The world’s media flies in to see a changed city

The celebration of the Titanic centenary was a truly international affair. Joining journalists from the Republic, Scotland and England at the Titanic slipway where the famous liner slipped into the water for the first time were 46 members of the international media.

As well as yesterday’s launch, the film crews and reporters will get a tour of the new Titanic Belfast building currently under construction, take part in Titanic walking and boat tours, and sit down to a luxury nine-course meal based on the menu for the 1st class restaurant on board the ship.

There are television crews from Spain, the US, France, China and South Korea while journalists from Australia, India and Japan are also in town, along with reporters from newspapers in New York, Germany and the Netherlands.
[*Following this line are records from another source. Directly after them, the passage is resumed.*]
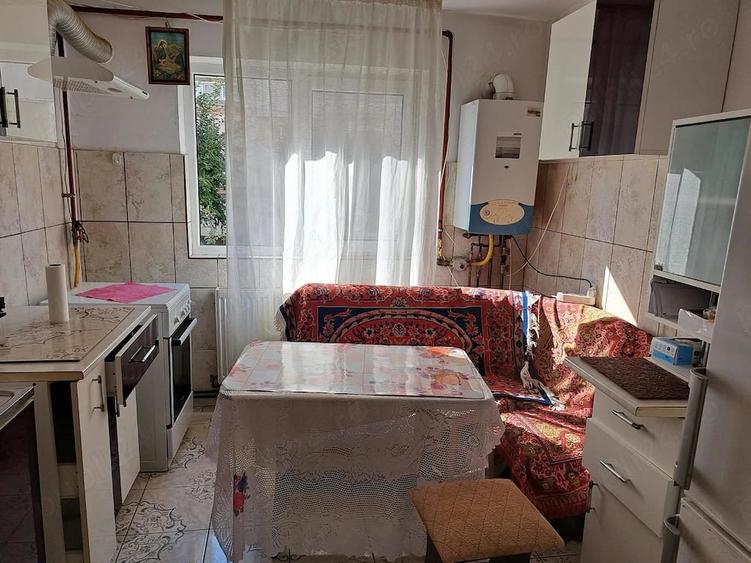 Apartament cu 2 camere nedecomandat în Central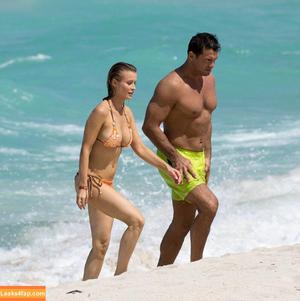 Joanna Krupa photo #0370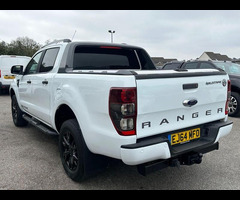 Ford Ranger 3.2 TDCi Wildtrak Pickup Double Cab 4dr Diesel Durashift 4WD Euro 5 (200 ps) - 13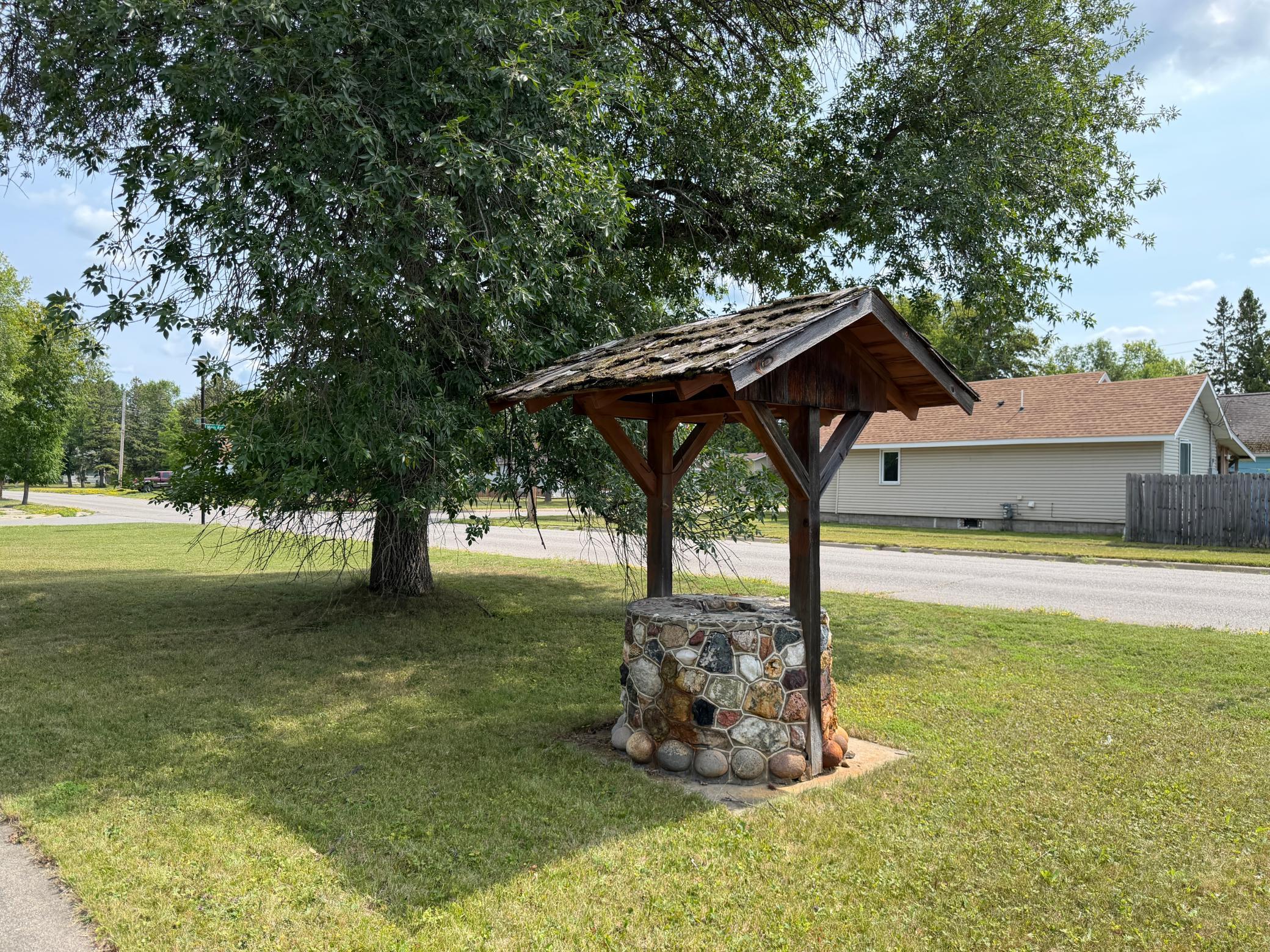 1222 Main Avenue Property Photo 6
Susan James, a travel writer with the Los Angeles Times and Epoch Times International, said there is “a lot of interest” in the Titanic in the US.

“But I’m also here to inform the readers of the development of Belfast from a city that a decade or two ago you would have avoided like the plague, to now a new tourist hotspot which people should put on their hit list,” she said. “I’m impressed with all the development in Belfast and I think living here would be exciting to witness the evolution of what it was into what it’s going to be.”